In conclusion, we have (i) identified a novel protein (VCAF) which is expressed in human calcified lesions in association with OPN and MGP expression, and CD68-positive and 3G5-positive cells; (ii) confirmed the localization of VCAF-positive staining in intact endothelium and in individual sporadic cells within plaque lesions and within human microvessels; (iii) demonstrated the presence of VCAF protein in osteoblasts in newly formed bone and in microvessels in the periosteum in fracture callus, but not in osteoblasts in older mature bone within the same section; (iv) established an association of VCAF protein with early progenitor cell markers in neovessels within advanced atherosclerotic lesions; and (v) demonstrated VCAF expression in human VSMCs, endothelial cells, macrophages, and osteoblasts using western blot analysis.

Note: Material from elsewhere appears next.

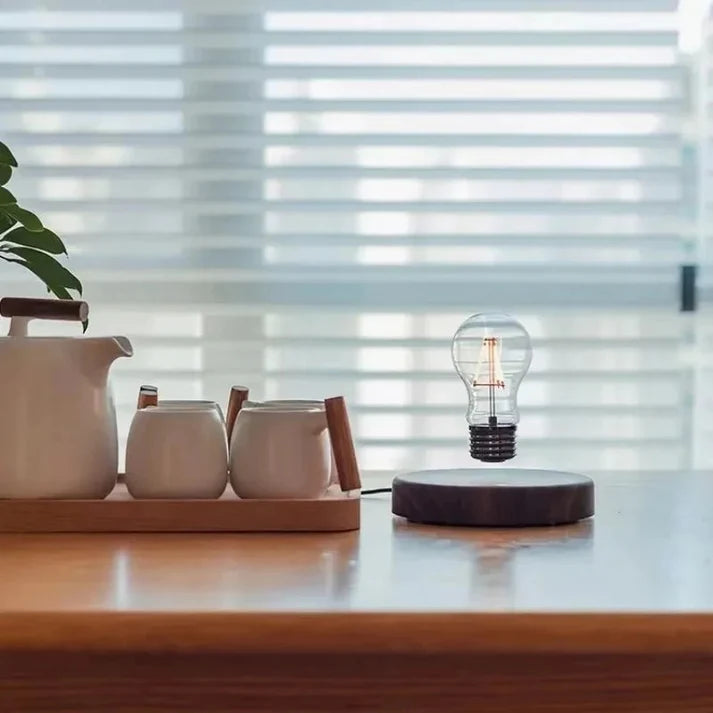 Aviaura - Levitating Light Bulb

We show that VCAF is expressed in early progenitor cells and may, under different micro-environmental conditions, play a role in a number of differentiation pathways. Our study equally raises several pertinent questions, such as: (i) What is the identity of mediators and cellular mechanisms that promote migration of VCAF-positive cells to sites of damage? and (ii) What are the triggering factors involved in VCAF expression which might influence the proliferation and differentiation of VCAF-positive cells? These topics will be examined in future studies.


Funding from the British Heart Foundation (project grant number PG/05/065 awarded to MYA and AEC) is gratefully acknowledged. We thank Mr J Vincent Smyth and M. Daniel Keenan from the Division of Medicine and Surgery, for providing us with the patient tissue.


No conflicts of interest were declared.